Now was the time. As he fell backwards, I slipped my arm around his back and into his armpit, pulled up through my knees with all my strength, and now we were both seated on the mattress, with me doing my best to prop him up, a ventriloquist crushed by his own dummy. I felt gravity pull him back and once again thought I might cry with frustration, but instead rolled him forward, rocking him onto his feet then carrying him, throwing him really, towards the bathroom, where he fell forward once again and came to a halt with his head against the toilet cistern and here, thank God, he vomited, violently and wretchedly, for some time, watery stuff, peaty from the whisky.
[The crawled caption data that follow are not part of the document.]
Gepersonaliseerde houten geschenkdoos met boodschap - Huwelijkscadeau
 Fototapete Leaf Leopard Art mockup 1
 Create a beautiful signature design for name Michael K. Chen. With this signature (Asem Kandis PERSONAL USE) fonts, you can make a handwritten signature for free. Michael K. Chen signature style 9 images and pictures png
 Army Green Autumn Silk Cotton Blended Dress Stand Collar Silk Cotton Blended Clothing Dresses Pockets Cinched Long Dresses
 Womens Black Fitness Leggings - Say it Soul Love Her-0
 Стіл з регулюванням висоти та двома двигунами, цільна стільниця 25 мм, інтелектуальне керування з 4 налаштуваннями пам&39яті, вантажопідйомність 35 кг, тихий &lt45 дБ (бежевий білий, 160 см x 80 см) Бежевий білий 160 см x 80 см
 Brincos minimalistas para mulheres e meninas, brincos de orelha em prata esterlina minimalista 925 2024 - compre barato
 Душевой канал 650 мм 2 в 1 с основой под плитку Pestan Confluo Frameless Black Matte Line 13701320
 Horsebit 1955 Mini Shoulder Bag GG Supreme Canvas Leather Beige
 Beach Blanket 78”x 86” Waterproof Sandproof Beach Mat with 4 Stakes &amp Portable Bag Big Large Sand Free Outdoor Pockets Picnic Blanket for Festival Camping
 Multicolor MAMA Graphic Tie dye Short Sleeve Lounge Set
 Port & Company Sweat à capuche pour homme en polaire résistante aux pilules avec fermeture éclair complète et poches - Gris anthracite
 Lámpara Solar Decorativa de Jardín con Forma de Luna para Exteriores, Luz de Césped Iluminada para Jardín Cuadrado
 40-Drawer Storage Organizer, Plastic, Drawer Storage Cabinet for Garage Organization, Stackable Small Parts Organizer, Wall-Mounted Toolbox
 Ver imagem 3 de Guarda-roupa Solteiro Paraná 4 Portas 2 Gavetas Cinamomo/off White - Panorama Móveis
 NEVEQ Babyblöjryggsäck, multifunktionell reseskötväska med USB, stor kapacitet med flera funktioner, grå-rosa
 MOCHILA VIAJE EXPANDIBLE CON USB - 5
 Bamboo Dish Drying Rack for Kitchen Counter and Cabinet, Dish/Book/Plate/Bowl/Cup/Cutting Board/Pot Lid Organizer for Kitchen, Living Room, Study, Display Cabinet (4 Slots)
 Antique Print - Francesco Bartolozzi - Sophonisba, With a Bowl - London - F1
With one hand I rubbed his back, with the other reached into the bath and tested the water and turned off the taps, the water cool and uncomfortable enough to revive him without inducing a heart attack. Five, ten minutes passed while he spewed and spat and mumbled – ‘Oh no, oh, no no no’ – and I helped him stand then, still in his underwear, sit on the edge of the bath and roll into the water like a scuba-diver off a boat.